The biggest practical drawback of the M2 MacBook Air is that there's no upgrade path for it at all. Everything is soldered on the logic board, but this is true across Apple's entire MacBook line. You get whatever you pay for up front, and that's it. If you end up needing more RAM or storage than you thought you needed when you bought it, you'll need to buy a new computer.

Money where my mouth is: I'm posting this from an M2 MacBook Air we bought in December of last year. I configured it with 16 GB RAM (because web browsers are terrible and we multitask a lot), 512 GB storage (because of the storage speed issue), and the cheaper 8 GPU core option instead of the 10 GPU core version. I don't game on it or do music production, but I don't think I've ever even felt it get hot, let alone hot enough to throttle the CPU. I would recommend this configuration to anybody.
posted by fedward at 10:10 AM on September 9, 2023 [1 favorite]


Also not to get too chatfiltery but I think there's a couple different groups of people who have converged on the "OMG heat" criticism of the M2, each blowing it out for a different reason:

(1) haters seizing on a perceived flaw, because that's what they do;
(2) CPU-heads who are disappointed that the M2 was only 20% better (at best) than the M1 had been, where the M1 had been a huge leap over its Intel predecessors. These people are looking for a specific manufacturing process improvement that is now expected with the M3. That link goes into some detail about how the new process will be better (in short, smaller transistors consume less electric power and generate less heat, which allows longer battery life and/or more processing power crammed into the same amount of space).

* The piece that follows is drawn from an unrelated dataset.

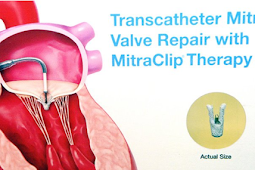 The MitraClip Shows Promise in Managing Severe Heart Failure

Since the two groups have complaints that at least rhyme, the overall effect is to amplify the criticism of the M2. Meanwhile even the reviewers who go looking for reasons not to recommend the M2 MacBook Air come away saying that the criticism is overblown. Sure, if you know your workload is going to tax the CPU for extended periods, or if you need enhanced support for external displays, then the 14- or 16-inch MacBook Pro models with active cooling could be better for you. But chances are that most people will never need that extra power.
posted by fedward at 10:44 AM on September 9, 2023 [1 favorite]


I haven't heard about the M2 MacBook problems, but I find it hard to believe. I have a 2020 M1 MacBook Air and love it more than any laptop I've had in the past (checks notes) 30 years. I should have gotten 16GB of memory instead of 8, but it really hasn't been a problem. And it never heats up.
posted by lhauser at 12:05 PM on September 9, 2023 [2 favorites]

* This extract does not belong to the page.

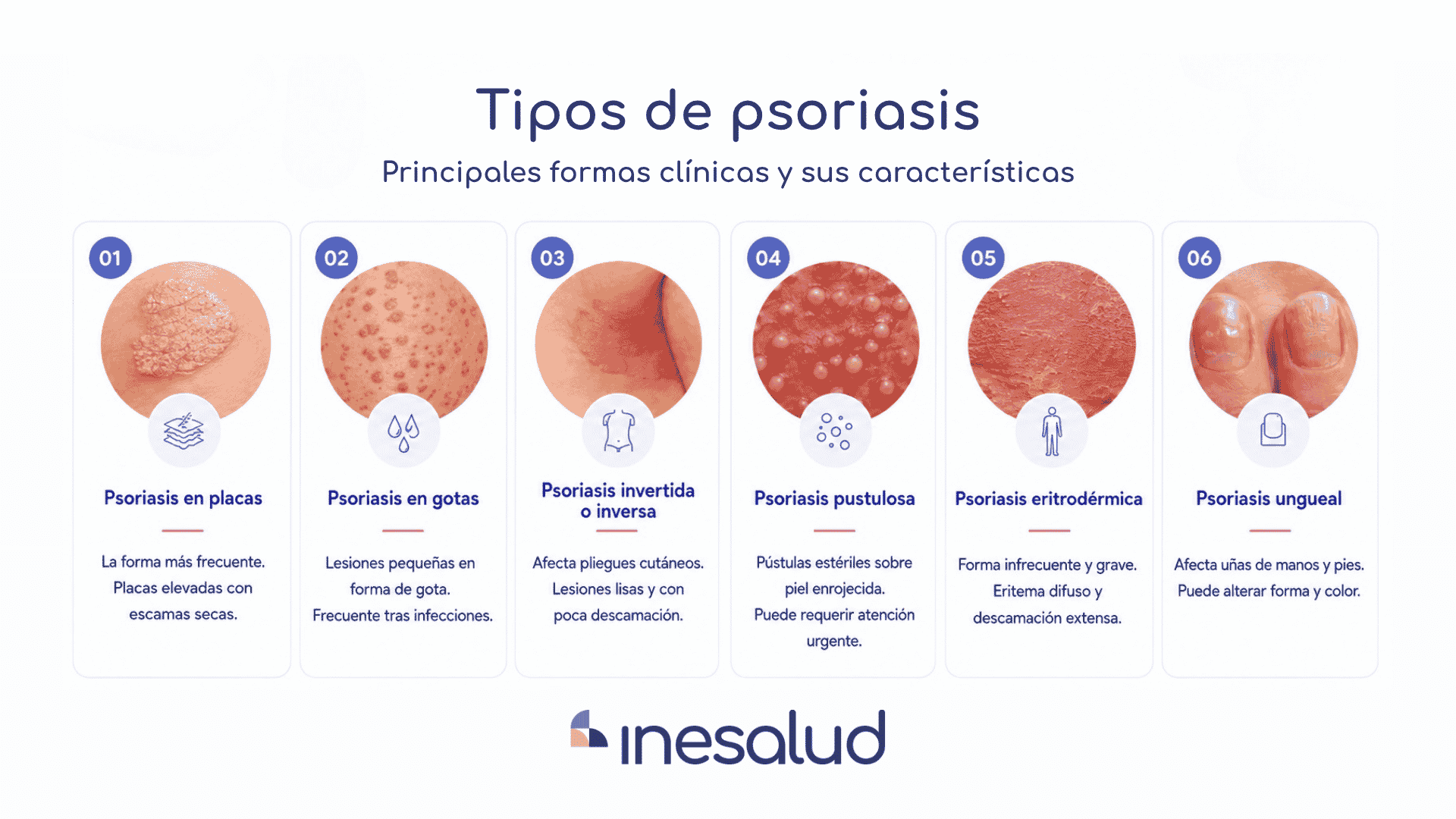 tipos de psoriasis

I have an M2 MBPro and it is a fabulous computer. I also have a 13" M1 MBPro from work and it is a fabulous computer that is also quite portable.

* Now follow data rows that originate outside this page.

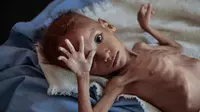Bocah Yaman yang mengalami malnutrisi parah terbaring di ranjang perawatan Aslam Health Center (AP Photo/Hani Mohammed)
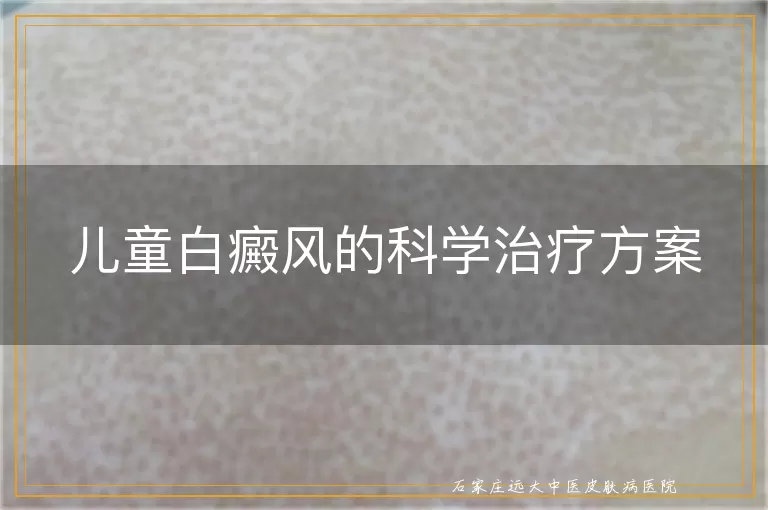 儿童白癜风的科学治疗方案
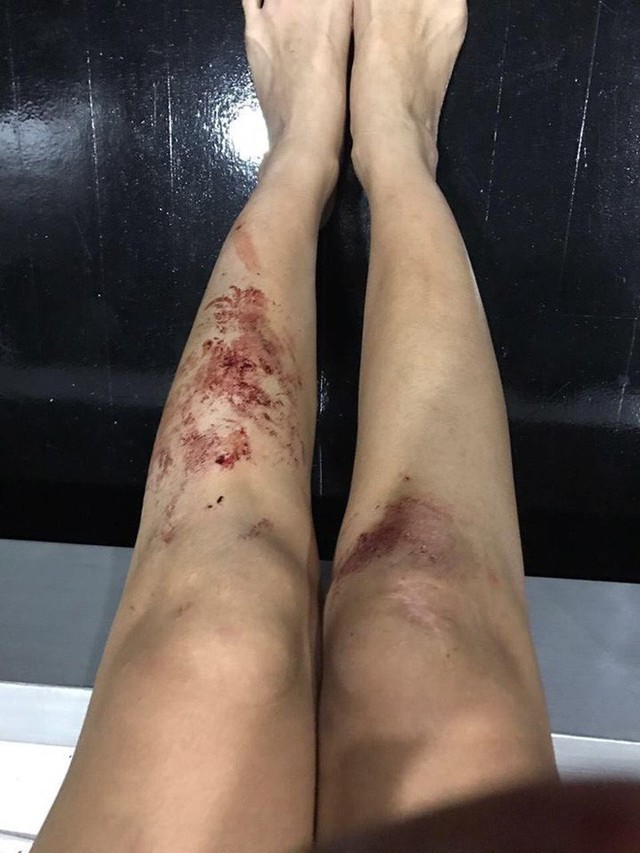 Cơ thể của nữ DJ đều bị xước xát, rớm máu.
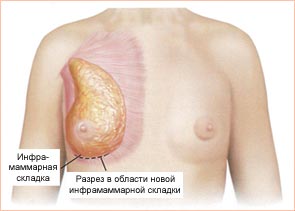 Маммопластика (увеличение груди)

They both can run 20-40 Chrome tabs, Slack, Zoom, Tableau, Excel, VSCode, Acrobat, Rstudio, SPSS, anaconda, and After effects, all at once, without ever even seeming to notice. I don't use third party plugins but Logic Pro doesn't even come close to the inefficiency that is Chrome or Final Cut, and it handles those without noticeable heat. The M2 does run a little hotter if I hit it with things like photoprocessing, but it's also a lot faster.

You should be able to get an M1 MBpro for just a little over your budget, and that's what I'd recommend at this point. All the windows laptops I've touched lately are much more lemony, other than Lenovo. But a windows machine that can touch the ARM macs for most tasks is going to hit thw same price range with worse fit and finish.
posted by aspersioncast at 1:34 PM on September 9, 2023 [1 favorite]


It doesn't have the build quality of Apple, but Framework laptops have replaceable (and up gradable) components if something breaks.

That being said, I think you are looking for an Apple laptop.
posted by oceano at 2:17 PM on September 9, 2023 [3 favorites]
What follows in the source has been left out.